Ele acrescentava, ainda, sobre as condições da Faculdade de Direito, naquela ocasião e a posição assumida por Manuel Correia,

Faculdade vivendo um certo marasmo e seria acordada pelos movimentos reivindicatórios democráticos. E, nesses movimentos, Manuel que, por influência familiar, não simpatizava com determinados líderes da Revolução de 1930, foi se engajando e, no engajar, sentiu que o seu mundo e as suas aspirações não se limitavam, apenas, a um regime liberal. Precisava de reformas, nos setores econômico e social. Foi se acentuando essa sua tendência para a esquerda, juntamente com outros colegas [...]. Não transigiu, porém, com o Estado Novo. Lutava pela sua queda, participando de

reuniões, de comícios [...] enfrentando prisões e a fiscalização do seu viver, por “tiras” que o acompanhavam (ANDRADE, A. C., 1995, p. 79-80 apud ALVES FELIPE et al., 1995, p. 79-80).

Lirbório, Cysneiros e Miranda (2008), falando sobre a atuação política de Andrade, ressaltaram:

Por sua atuação política, Manoel Correia de Andrade foi preso em duas ocasiões. A primeira em 1944, no Governo do interventor Etelvino Lins, por participar de manifestações de rua e de atos de oposição a Agamenon Magalhães, por ser integrante do grupo de estudantes que pisoteou e rasgou o retrato de Getúlio Vargas (no bar Lero – Lero), e por participar da luta política contra o Estado Novo (LIRBÓRIO; CYSNEIROS; MIRANDA, 2008, p. 103 apud CAVALVANTI et al., 2008, p. 103).

Atuou no Diretório Acadêmico como representante da sua turma, em duas ocasiões, esteve junto com Gilberto Freyre, na luta política contra o Estado Novo, em favor da redemocratização, fato que o levou à prisão e, ao seu indiciamento pelo Tribunal de Segurança Nacional. Participou de manifestações a favor dos Aliados, durante a Segunda Guerra Mundial, militou por algum tempo no Partido Comunista do Brasil e, depois, na Esquerda Democrática, Ala da União Democrática Nacional (UDN), liderada por Gilberto Freyre.
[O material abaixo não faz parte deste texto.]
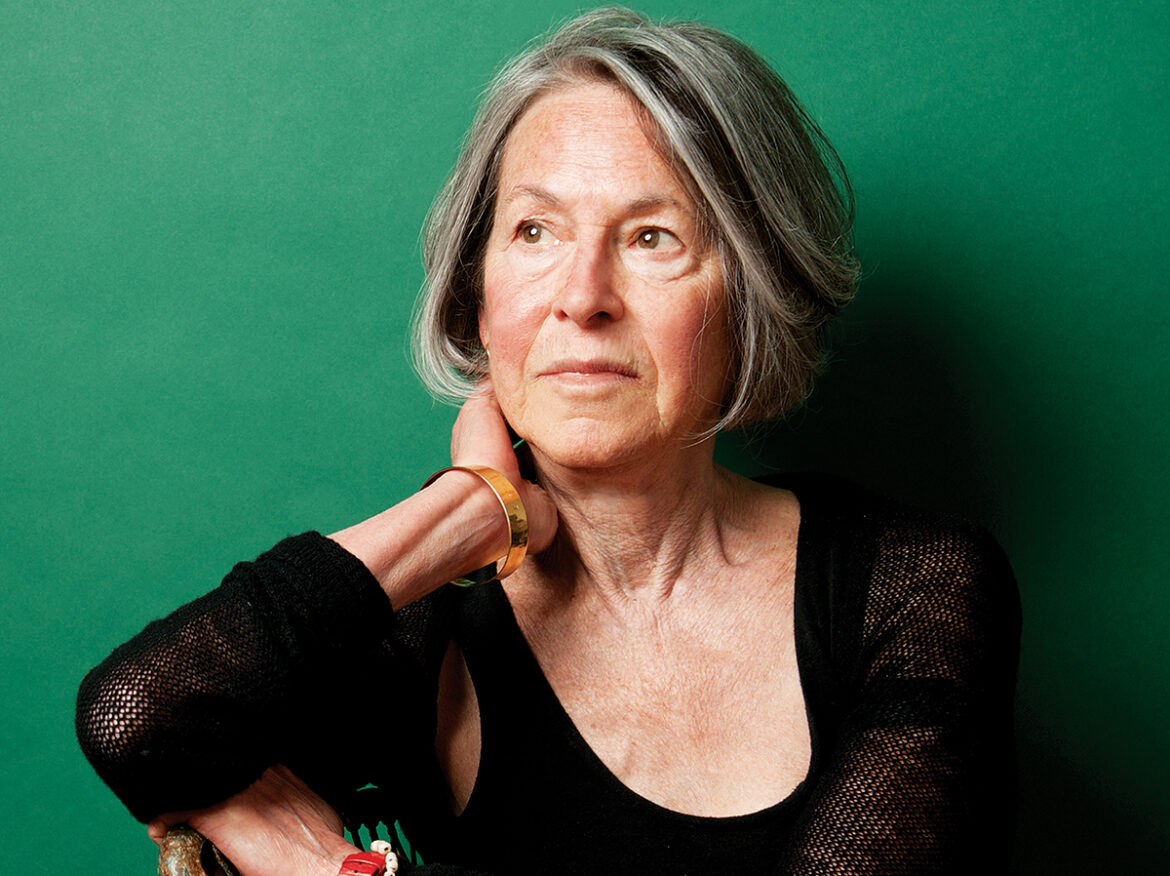 Fotografija Louise Gluck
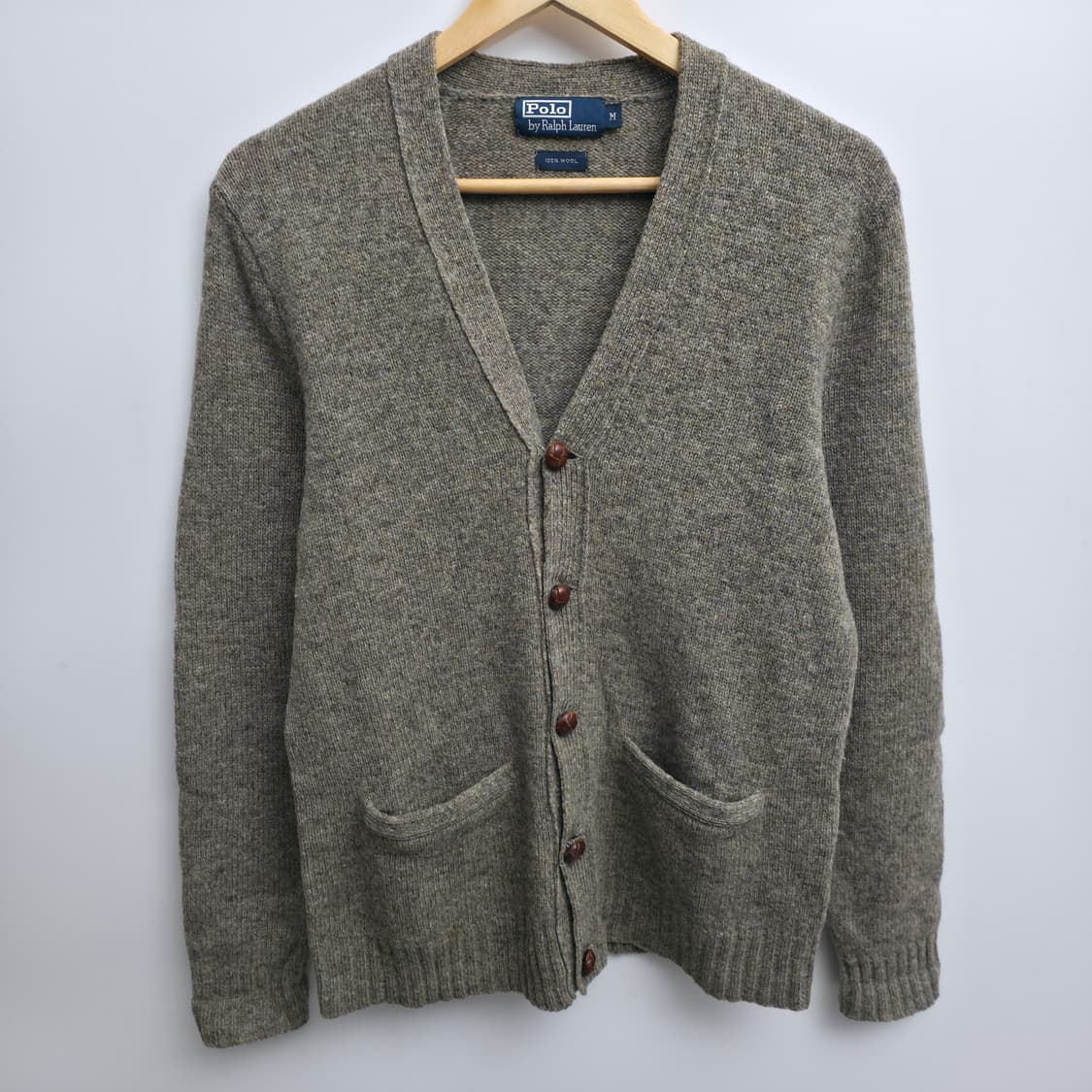 [M] 폴로 랄프로렌 울 가디건 상품이미지1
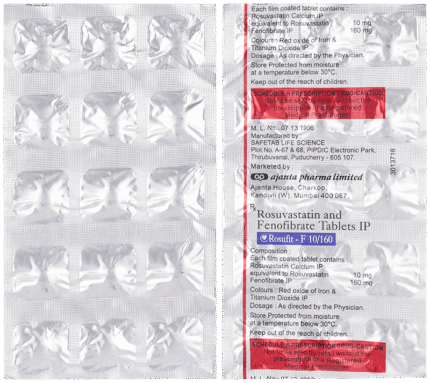 Rosufit F 10/160 - View 1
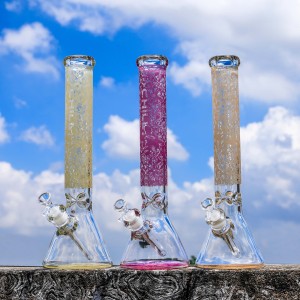 CG - 16" Chill Glass 7MM Color Changing Beaker Water Pipe 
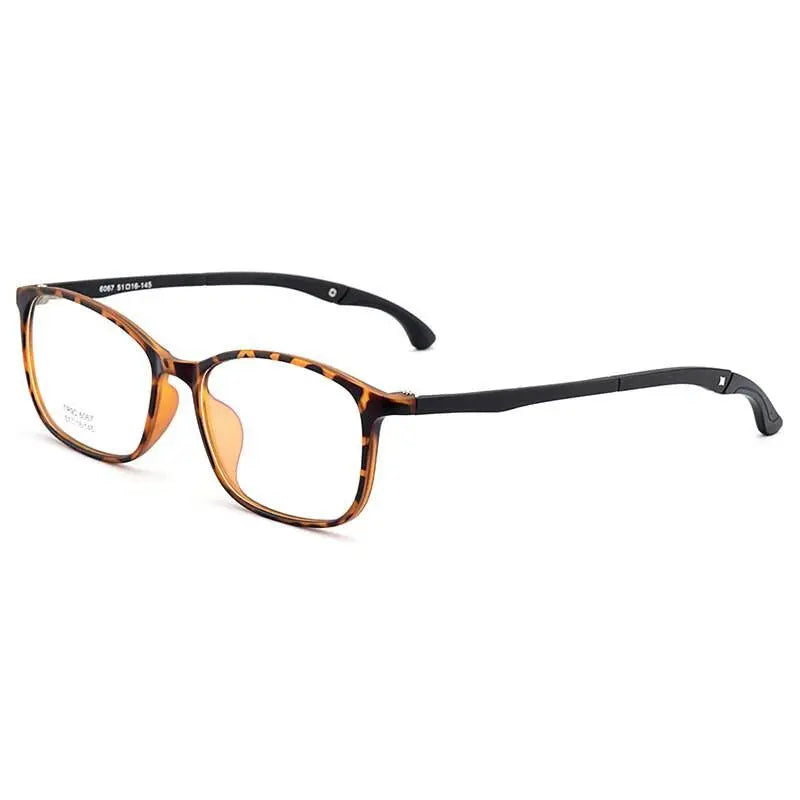 Men's Full Rim TR90 Prescription Glasses M6067 — view 7 | Rx Spectacle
É importante mencionar que, na Faculdade, Manuel Correia de Andrade conheceu uma colega de Curso, Maria de Lourdes de Sales Menezes com quem veio a casar e teve cinco filhos.

O papel de Lourdinha, como ele assim a chamava, na sua vida profissional foi de grande importância em função da sua responsabilidade de ler e de corrigir os seus manuscritos. Ainda, como estudante de Direito, ela foi companheira dele no movimento estudantil, tendo estado na passeata em que o estudante Demócrito de Souza Filho veio a falecer, em função de ter sido atingido por um tiro.

Em outro depoimento, como aluno do Curso, afirmou:

[...] na Faculdade de Direito firmei as minhas convicções políticas, convencido – ainda hoje estou – de que o Brasil necessitava mudar a orientação que seguia desde a colonização, abrindo-se a sentimentos novos, mais liberais, socializantes (ANDRADE, 2006, p. 13 apud QUINTAS, 2006, p. 13).

Nessa época, 1945, Manuel Correia de Andrade dava início aos seus escritos para jornais e revistas universitárias, sobre temas que até os últimos momentos de vida continuavam objeto de suas preocupações: a questão regional; o problema da estrutura fundiária do país e a necessidade de uma política agrária; as desigualdades sociais existentes; o problema ambiental; as revoluções libertárias, ou algum outro assunto que fosse de seu interesse.

Quando da criação da Faculdade de Filosofia, Ciências e Letras Manuel da Nóbrega, pelos jesuítas, funcionando no Colégio Nóbrega, em 1943, atual Universidade Católica de Pernambuco, Manuel Correia de Andrade que se encontrava na metade do Curso de Direito, pode realizar o sonho de fazer a Licenciatura em Geografia e História. Naquela época, o Curso era um só. Houve um momento em que ele cursava as duas Faculdades, a de Direito e a de Filosofia, onde se formou em Geografia e História, em dezembro de 1945. As duas formaturas ocorreram, pois, no mesmo ano. Relatava ele:

Eu fiz parte da primeira turma do curso de Geografia e História. Formei-me nos dois cursos no mesmo ano [...]. Naquele tempo, o curso de Geografia e História era feito em quatro anos: três de Bacharelado e depois um ano de Didática, que habilitava para lecionar no ensino Médio (ANDRADE, 2002d apud ZANOTELLI; VALVERDE, 2002, p. 13).

Naquela ocasião, como a Faculdade havia sido criada recentemente, não possuía autorização para ofertar o curso de Didática. Este só veio a ser oferecido mais tarde, em 1947, oportunidade em que Manuel Correia de Andrade o realizou.